** INFORMATION PROVIDED follows **

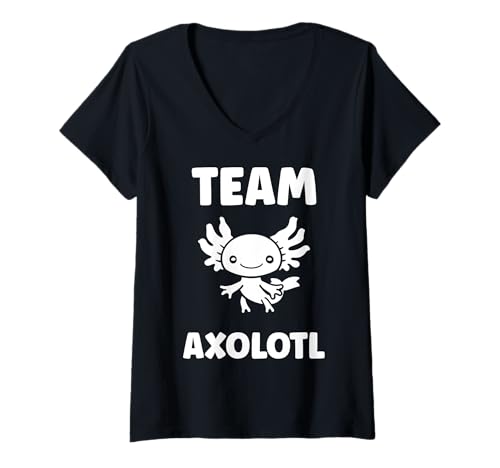 Damen Small animals axolotl funny minimalist simple team axolotl T-Shirt mit V-Ausschnitt Damen Small animals axolotl funny minimalist simple team axolotl T-Shirt mit V-Ausschnitt von Humor animals axolotl simple axolotl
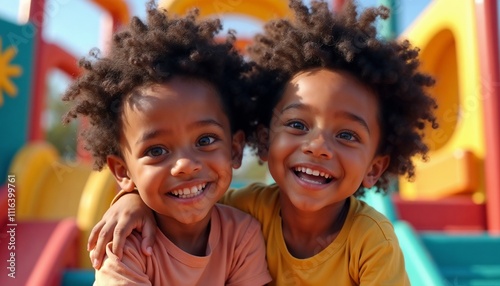 Happy African children smiling together on a playground 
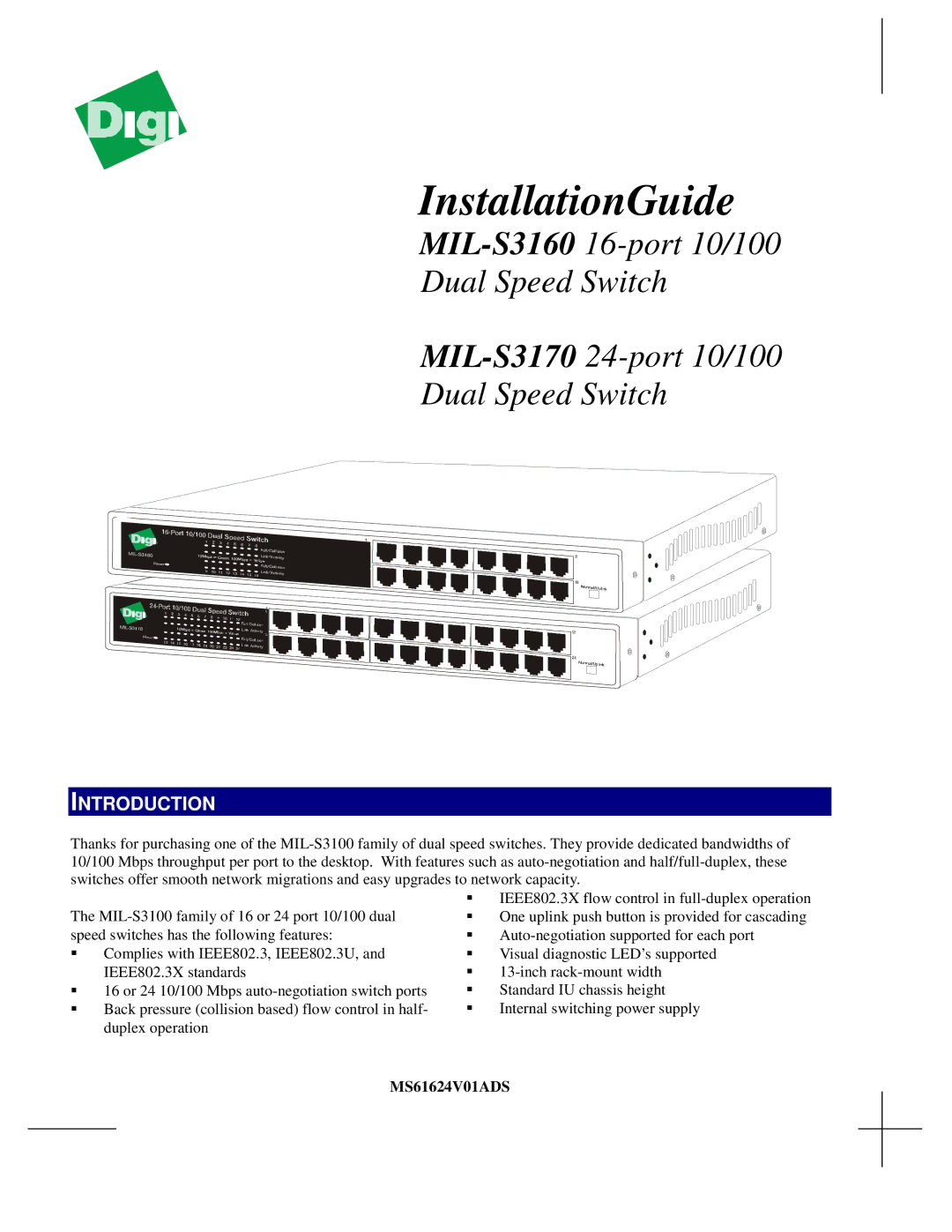 Digi MIL-S3160, MIL-S3170 manual Introduction, MS61624V01ADS 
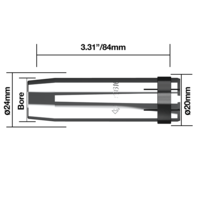 Binzel® Style Gas Nozzle Cylindrical BZL 36 - NZCY36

** End of INFORMATION PROVIDED **

DIRECTIONS:
Here the job is to quote the lines from the one with "Happy African children" through the end of the material, both included, exactly; please skip the pictures.

SOLUTION:
 Happy African children smiling together on a playground 
 Digi MIL-S3160, MIL-S3170 manual Introduction, MS61624V01ADS 
 Binzel® Style Gas Nozzle Cylindrical BZL 36 - NZCY36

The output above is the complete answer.